March 27, 2019
On February 26, 2019 the U.S. Environmental Protection Agency (EPA) announced its final decision to retain without changes to the National Ambient Air Quality Standards (NAAQS) for sulfur dioxide (SO2).
EPA says its decision comes after carefully reviewing the most recent available scientific evidence and risk and exposure information and consulting with the agency’s independent science advisors.
The Clean Air Act requires EPA to set NAAQS for “criteria air pollutants.” Currently, SO2 and five other major pollutants are listed as criteria pollutants: Nitrogen Dioxide, Carbon Monoxide, Lead, Ground Level Ozone, and Particulate Matter. The law also requires EPA to periodically review the relevant scientific information and primary (health-based) standards.

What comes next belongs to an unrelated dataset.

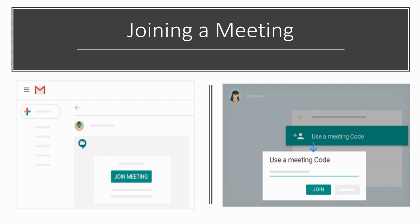Once your teacher has provided a link to their Google Meet, click on it to go directly to the Meet. If you have been given a meeting code or nickname, go to meet.google.com where you can join by typing the meeting code or nickname directly.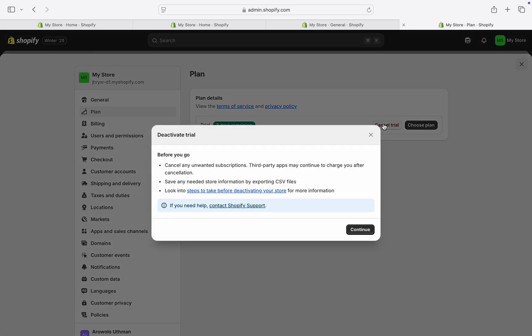Once you click on it, you're going to see 'I need to take a break completely.' Just click on Deactivate Store in front of it. For me, I just need to click on Continue since I'm still using a trial account.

If appropriate, EPA revises the standards to ensure they provide requisite protection for public health, allowing for an adequate margin of safety.
The EPA and its independent advisors on this topic, the Clean Air Scientific Advisory Committee (CASAC), agree that this existing standard continues to provide health protection and “that the current scientific literature does not support revision of the primary NAAQS for SO2.”
Advocacy groups including the American Lung Association had urged EPA to lower the amount of SO2 pollution it allows, from 75 parts per billion of sulfur dioxide in ambient air to 50 parts per billion.
On the other side of the issue, the American Petroleum Institute contended the Obama era rules were overly stringent and wanted them relaxed.
What this means to you
On February 26, 2019 the U.S. Environmental Protection Agency (EPA) announced its final decision to retain without changes to the National Ambient Air Quality Standards (NAAQS) for sulfur dioxide, one of the Clean Air Act’s six criteria pollutants.